ーそれがAOTOさんに当てはまったから、今回のHEATでもピックアップしたんですね。
Hyori:そうですね。あと、AOTOくんのことを知ったのは2年前くらいでしたけど、当時からサブスクを使って全方位的に発信していたし、アートワークの世界観もしっかりとしていて、そこがいいと思ったんです。ちゃんと自分から広めようとしている姿勢が伝わってくる気がして、そういう意志を持って活動しているラッパーが好きなんです。僕は話し慣れていない人にしゃべりかけるのがあまりできないタイプなんですけど、AOTOくんはどこか引き寄せられるというか、無意識的にみんなに注目してほしいと感じる人なんですよ。
AOTO:そう感じてくれたのは本当に嬉しいな。僕はHIPHOPという土俵の中では色物に見えるかもしれないんですけど、でも、きっと自分みたいなヤツばかりなんじゃないかと思うんですよ。つまり、バックボーンもなくて悪いこともしていなくて、だけど自分の生活スタイルだけでお金を稼ぎたいと考えていたりするっていう。自分が嘘偽りなく思ったことを描いた歌詞の中にあるのと同じ生活をしている人は多いんじゃないか? って気持ちがあったから、より大きなプラットフォームを使って、わかりやすく発信していこうっていうのは意識していました。

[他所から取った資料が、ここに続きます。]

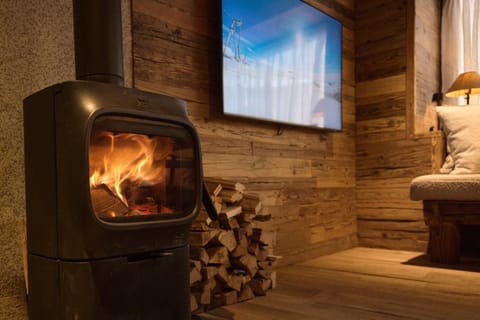 TV and multimedia, fireplace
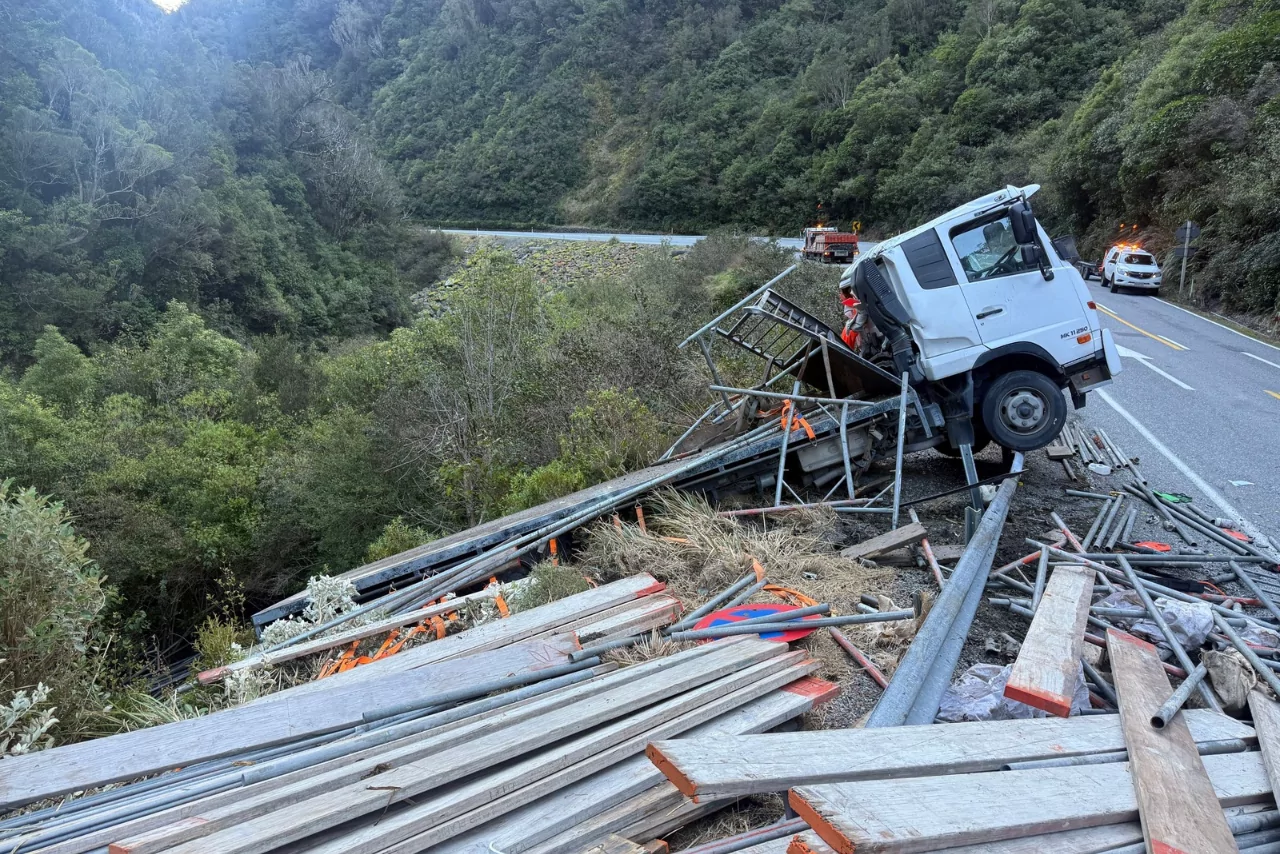 Delays after truck crash near Arthur’s Pass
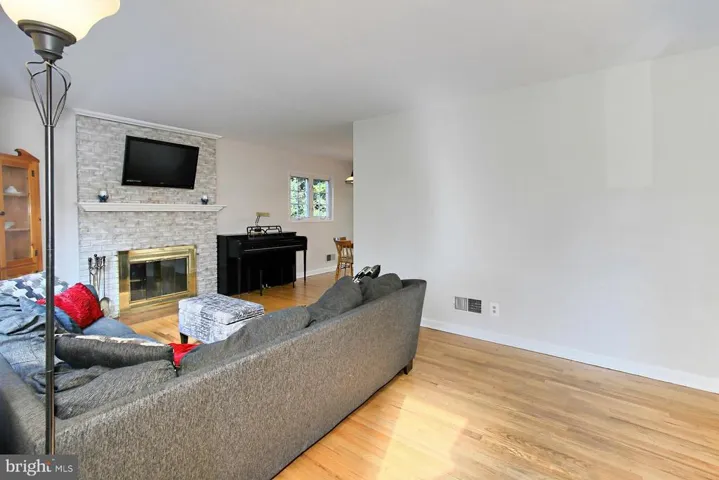 7116 Village Dr, Annandale, Virginia 22003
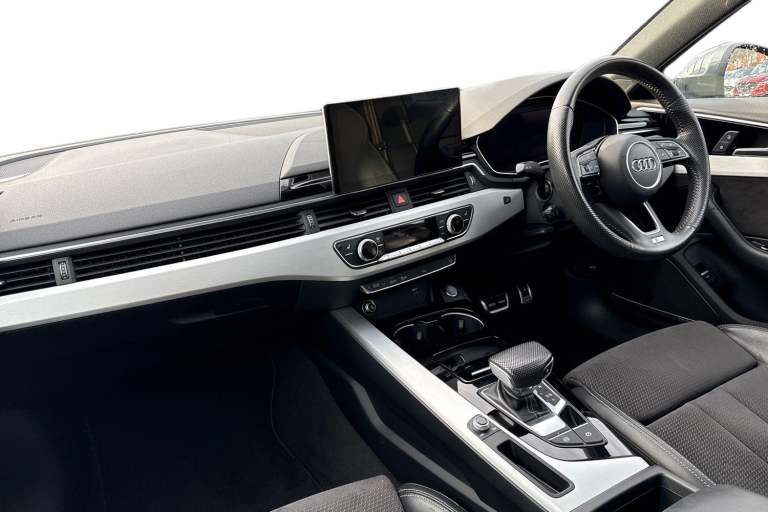 2020 Audi A4 2.0 TFSI 35 S line S Tronic Euro 6 (s/s) 4dr Saloon PETROL Automatic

ーそういったわかりやすさは、今回の楽曲にも表れていると感じます。タイトルは何て読むんですか?
AOTO:「ROMEJULI」でロミジュリですね。『ロミオとジュリエット』から取って、訳したらチャラくね? みたいな。もともと原曲は出来ていて自分らしいスタイルの曲です。HEATに参加している他のメンツもザ・HIPHOPというより自分のスタイルを貫いている人が多かったので、この曲を選びました。
ー『ロミオとジュリエット』から来ているってことは、そういう恋愛を歌った曲なんですか?
AOTO:僕はあまりタイトルに興味がないので、今までの曲もそうなんですけど、周りの人に「どういう曲だと思う?」って聞いて、そこで決めちゃうことが多いんですよ。かなりキャッチーな曲なのでロミジュリでいいんじゃねって。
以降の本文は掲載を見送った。